_Work required:_ Could you print, exactly and without pictures, only the lines from the one with "Melody Getah R" through the end of the records below?

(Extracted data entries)
::::
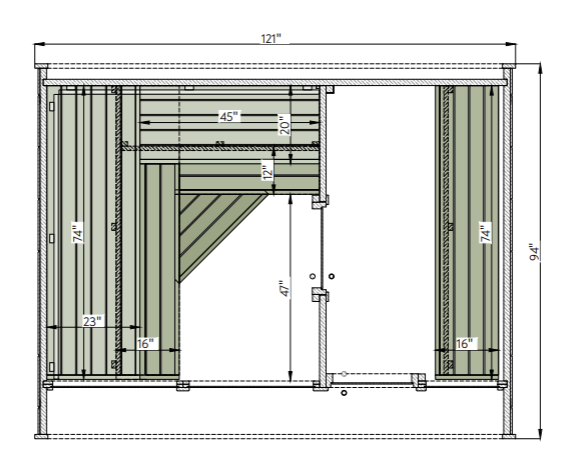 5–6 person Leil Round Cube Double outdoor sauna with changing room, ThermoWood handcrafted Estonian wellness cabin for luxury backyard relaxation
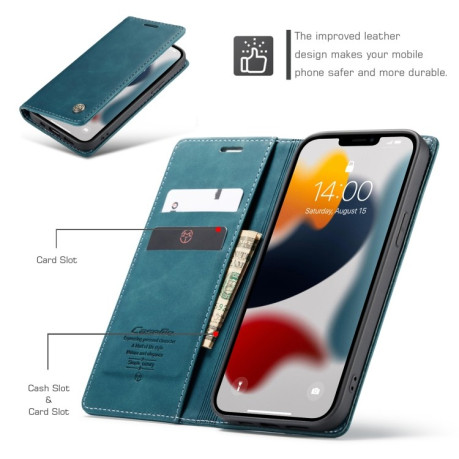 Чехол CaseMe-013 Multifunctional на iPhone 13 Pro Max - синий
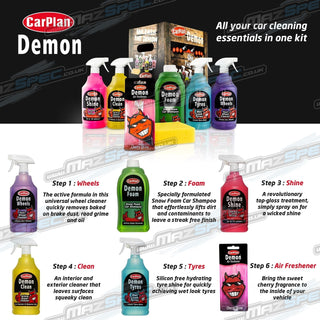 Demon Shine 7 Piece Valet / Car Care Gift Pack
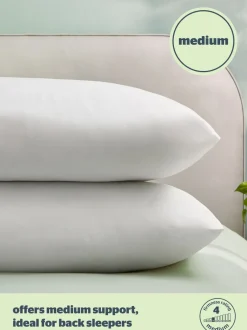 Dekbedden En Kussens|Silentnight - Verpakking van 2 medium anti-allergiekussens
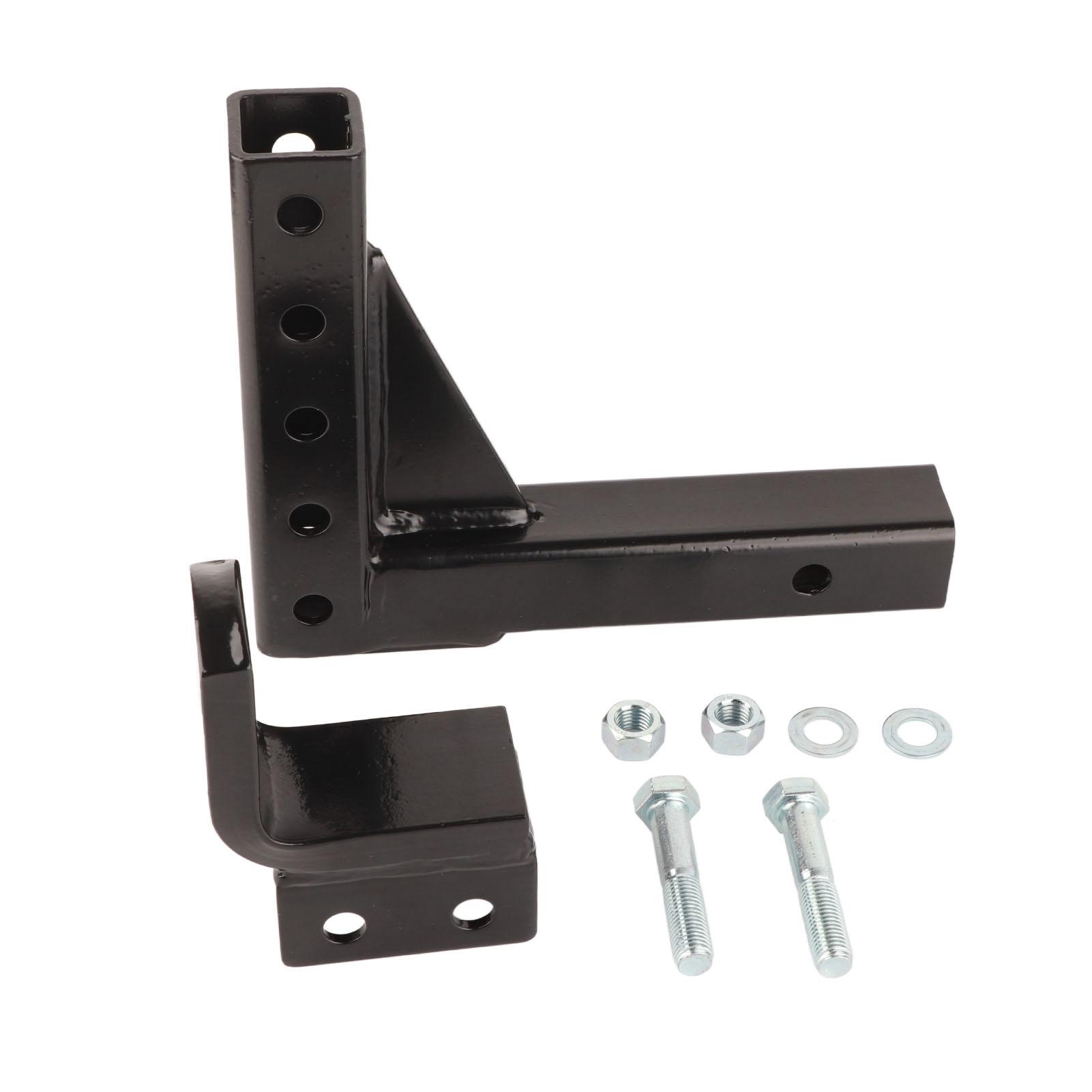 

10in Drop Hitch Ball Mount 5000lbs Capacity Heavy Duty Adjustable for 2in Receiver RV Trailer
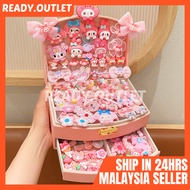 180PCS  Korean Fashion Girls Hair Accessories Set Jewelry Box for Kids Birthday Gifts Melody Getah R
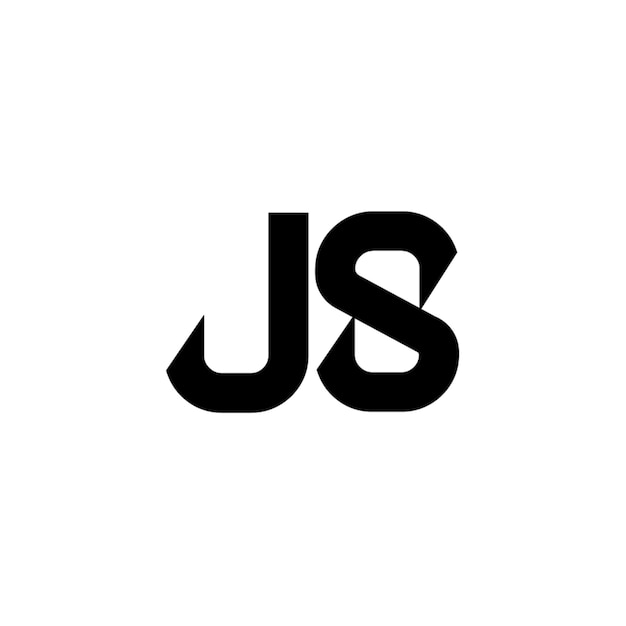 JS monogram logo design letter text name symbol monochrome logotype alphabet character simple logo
::::
_Exercise response:_
 180PCS  Korean Fashion Girls Hair Accessories Set Jewelry Box for Kids Birthday Gifts Melody Getah R
 JS monogram logo design letter text name symbol monochrome logotype alphabet character simple logo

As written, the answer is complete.